Information:
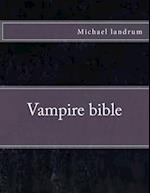 Vampire Book bible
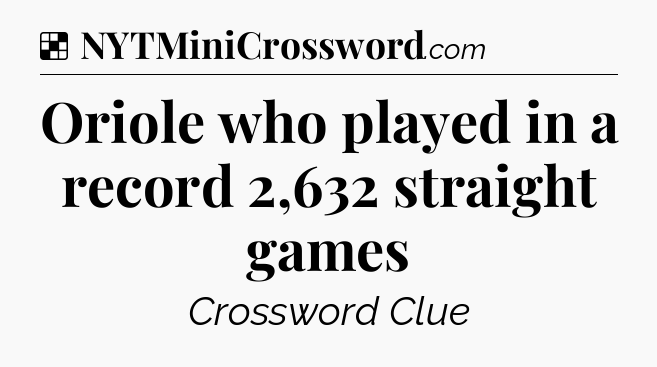 Solution: Oriole who played in a record 2,632 straight games - NYT Crossword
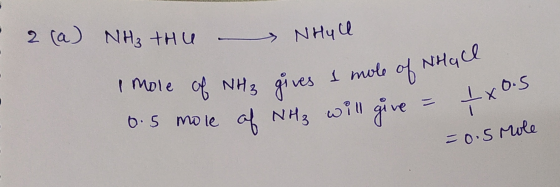 -2 (a) NH₂ thu – NHull. Imole of NH3 gives I mole of NH GC 0.5 mole of NH3 will give = tx txos ve = = 0.5 Mole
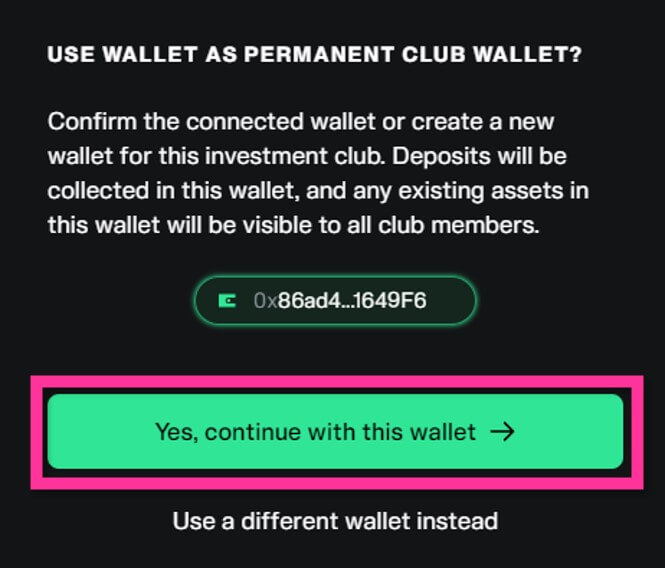 「Yes, continue with this wallet」を選択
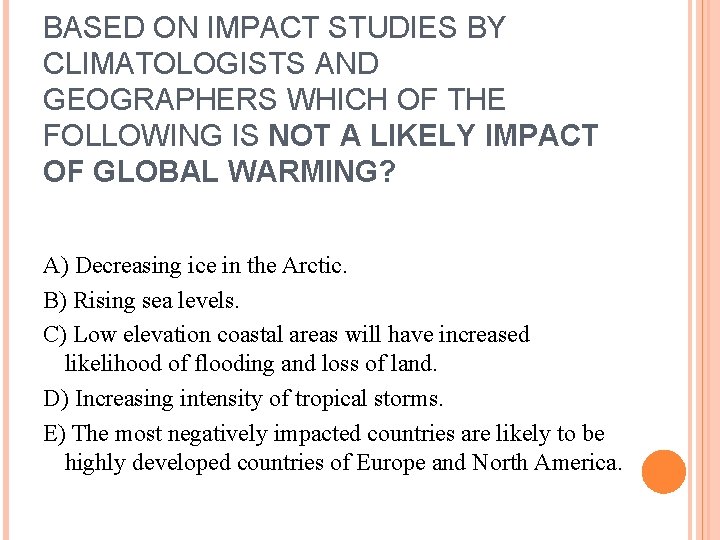BASED ON IMPACT STUDIES BY CLIMATOLOGISTS AND GEOGRAPHERS WHICH OF THE FOLLOWING IS NOT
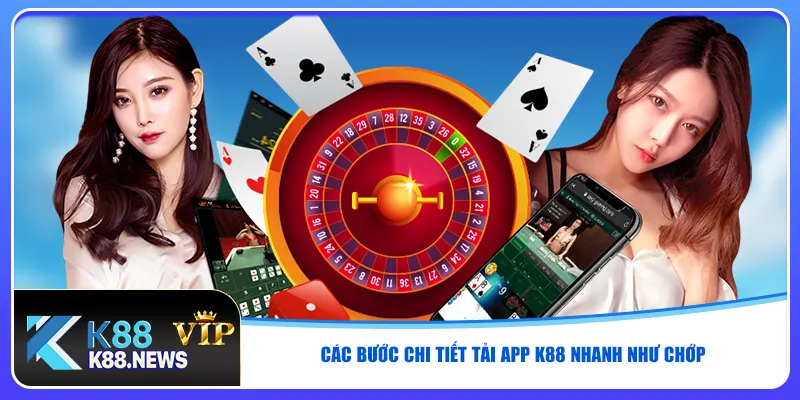Các bước chi tiết tải app K88 nhanh như chớp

Action item:
Please set down only the lines from the first line of the records above through the line that has "with this wallet」を選択", exactly, and not the pictures.

Result of this exercise:
 Vampire Book bible
 Solution: Oriole who played in a record 2,632 straight games - NYT Crossword
 -2 (a) NH₂ thu – NHull. Imole of NH3 gives I mole of NH GC 0.5 mole of NH3 will give = tx txos ve = = 0.5 Mole
 「Yes, continue with this wallet」を選択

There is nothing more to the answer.